Soupçonné d'avoir couvert ces violences, le doyen de la fac de droit, Philippe Pétel, a successivement démissionné de son poste, été mis en examen pour "complicité d'intrusion et complicité de violences", puis promis à la suspension, tout comme l'enseignant-chercheur Jean-Luc Coronel de Boissezon, codirecteur du master 2 d'histoire du droit, par la ministre de l’Enseignement supérieur, Frédérique Vidal, après les "premières conclusions de l'enquête administrative" qu'elle a commandée.

Contre la réforme et contre les violences

Mardi 3 avril, de nombreux manifestants se sont massés devant l'une des entrées de la fac de droit, là où les violences ont eu lieu dix jours plus tôt. À part quelques jets de tomates et de plâtre frais mélangé à de la peinture, aucun incident majeur n'a été à déplorer. Dans les rangs des manifestants, on comptait de nombreux lycéens venus d'établissements également situés en centre-ville.

"On est là pour dénoncer les violences du 22 mars, mais aussi parce que cette fac symbolise une réforme dont on ne veut pas", affirme un personnel administratif de l'université Paul-Valéry, l'autre université montpelliéraine, requérant l'anonymat. "Il faut à présent faire converger les luttes. On va rejoindre les cheminots devant la gare", avance l'un de ses collègues, autocollant Sud Éducation sur la veste.

En début d'après-midi, les CRS aux abords restaient mobilisés mais la tension était clairement retombée d'un cran. "Je suis contre la réforme. J'ai un petit frère et une petite sœur qui devront passer par la sélection si la réforme reste en l'état. Ce n'est pas juste. La fac, c'est pour tout le monde. Pour autant, je suis contre le blocus. On a bientôt des partiels et une année à valider", soutient Ophélie, étudiante en L1 de droit.

À ses côtés, Marion renchérit : "Les personnes qui dénoncent le capitalisme desservent le mouvement contre la réforme. D'un autre côté, à cause des violences intervenues à la fac, tous les étudiants en droit passent pour des fachos alors qu'on ne sait même pas s'il y avait des étudiants parmi ceux qui ont fait irruption dans l'amphi."

Quelles répercussions pour la fac de droit ?

L'image de la faculté de droit de Montpellier sera-t-elle durablement marquée par cet épisode ? C'est la crainte de certains enseignants. "Montpellier, c'est le nouvel Assas ! Quand je dis que j'enseigne ici, les gens ont peur et changent de trottoir", ironise, doux-amer, un enseignant-chercheur.
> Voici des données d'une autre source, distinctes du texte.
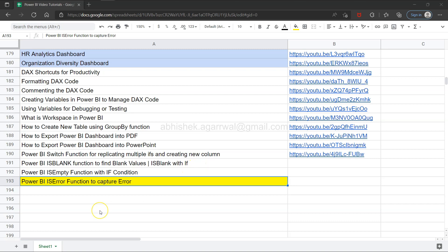Hello and welcome to this Power BI tutorial video. In this video, I want to show you the isError function. The isError function is useful to capture if your formula or expression is reporting an error.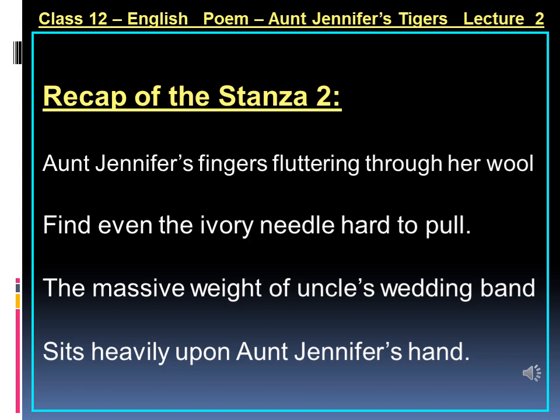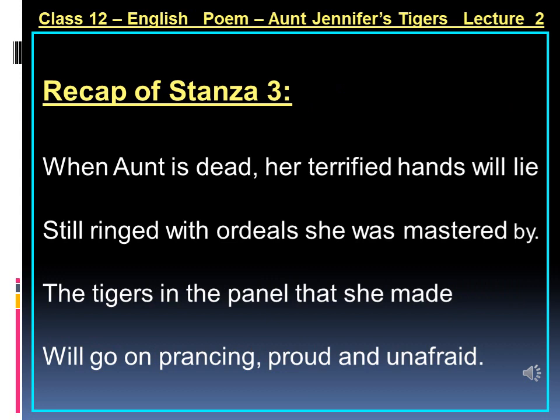What does it mean when she writes 'the massive weight of uncle's wedding band'? This expression is symbolic of male authority and power. Matrimony seems to bind the woman physically as well as mentally. The wedding band was a burden for her as she was not getting enough freedom to express herself because of the domestic responsibilities and restrictions put on her as a woman by her husband.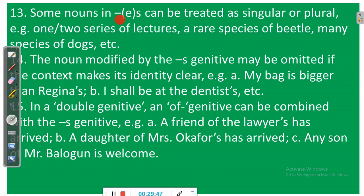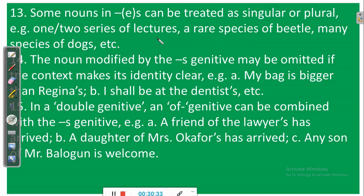Rule number thirteen: some nouns ending in -es or -is can be treated as singular or plural. For example, 'series' — you can talk of 'a series of lectures' or 'two series of lectures' or 'many series of lectures.' Similarly, 'species' — 'a species' or 'various species of beetle,' 'many species of dogs.' These nouns ending in -es or -is can be used as either singular or plural.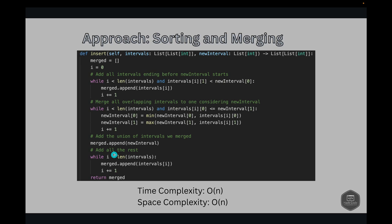After appending the merged new interval, we add all remaining intervals: while i < len(intervals), we keep appending each interval since these do not overlap with the new interval. Finally, we return the merged list.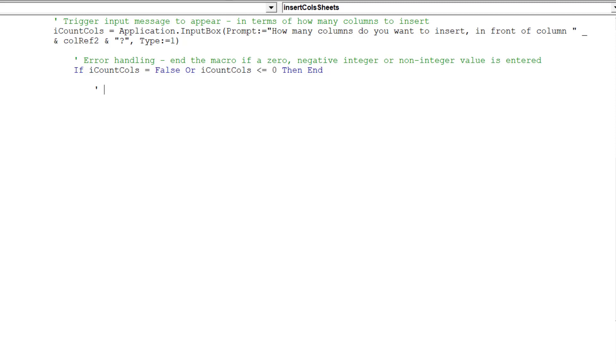We are now ready to compose the loop, which will cycle through all the worksheets and insert the same number of columns.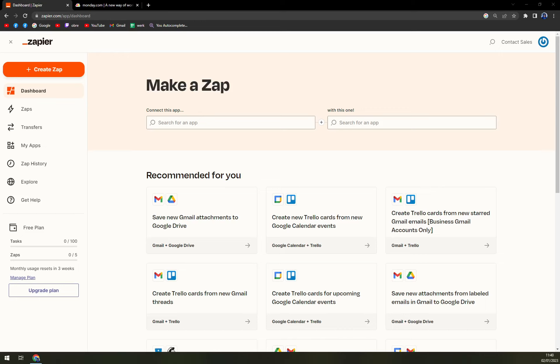Hello guys, my name is Mathieu and in today's video we are going to create an integration between monday.com and Google Sheets.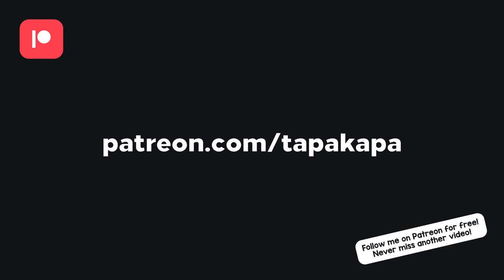This video is supported by viewers like you. If you want to help me make more things like this, consider supporting me on Patreon. Thank you.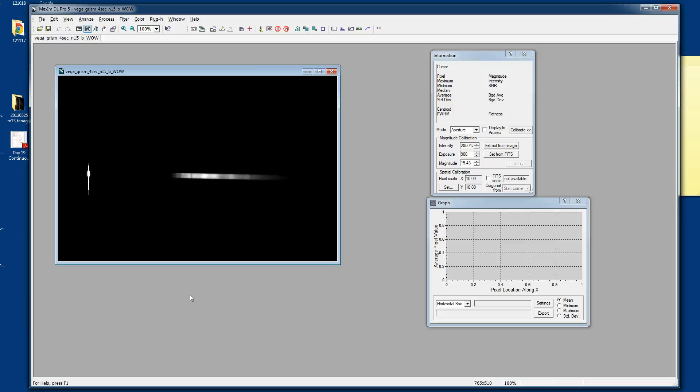By now you've probably gotten a couple of spectra. I wanted to show you a little bit about the software that you've got to use in order to do some very basic analysis.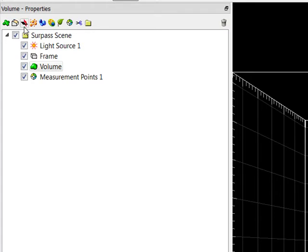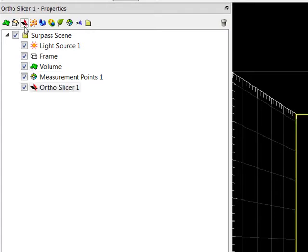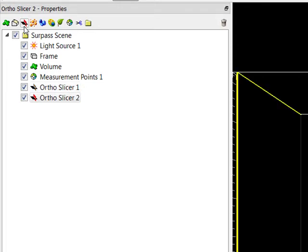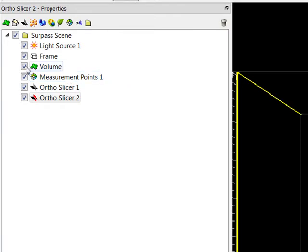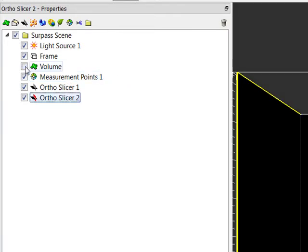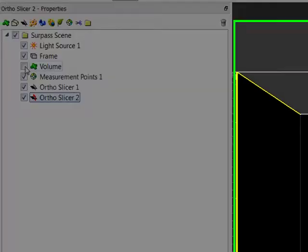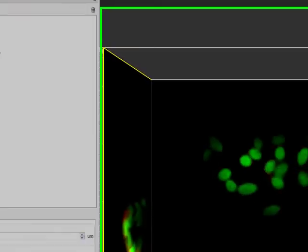To start adding measurement points on a specific plane, first add new slicers in the surpass scene. Please note that within the measurement points tool, any added surpass object is considered to be a solid object. Switch off the volume rendering to provide an unobstructed view.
Pour un autre, les violences sont la matérialisation des nombreuses observations qu'il a pu faire.

"On voit bien depuis quelques années, dans les bars alentour, il y a des étudiants avec des lavallières, canne à pommeau et barbe ciselées. Certains profs cultivent une image d'une école de droit contre celle de l'université. Il y a une ‘patrimonialisation’ de la fac par certaines personnes. Elle n'appartient pas à tout le monde..." développe-t-il.

Calmes depuis midi, les abords de l'université ont retrouvé une certaine ambiance aux alentours de 15 h 45 quand un gros millier de manifestants (étudiants, lycéens, personnels de l'enseignement supérieur, cheminots...) a de nouveau convergé brièvement vers la fac de droit. Sur un panneau on pouvait lire : "Le bac réussi = entrée à la fac".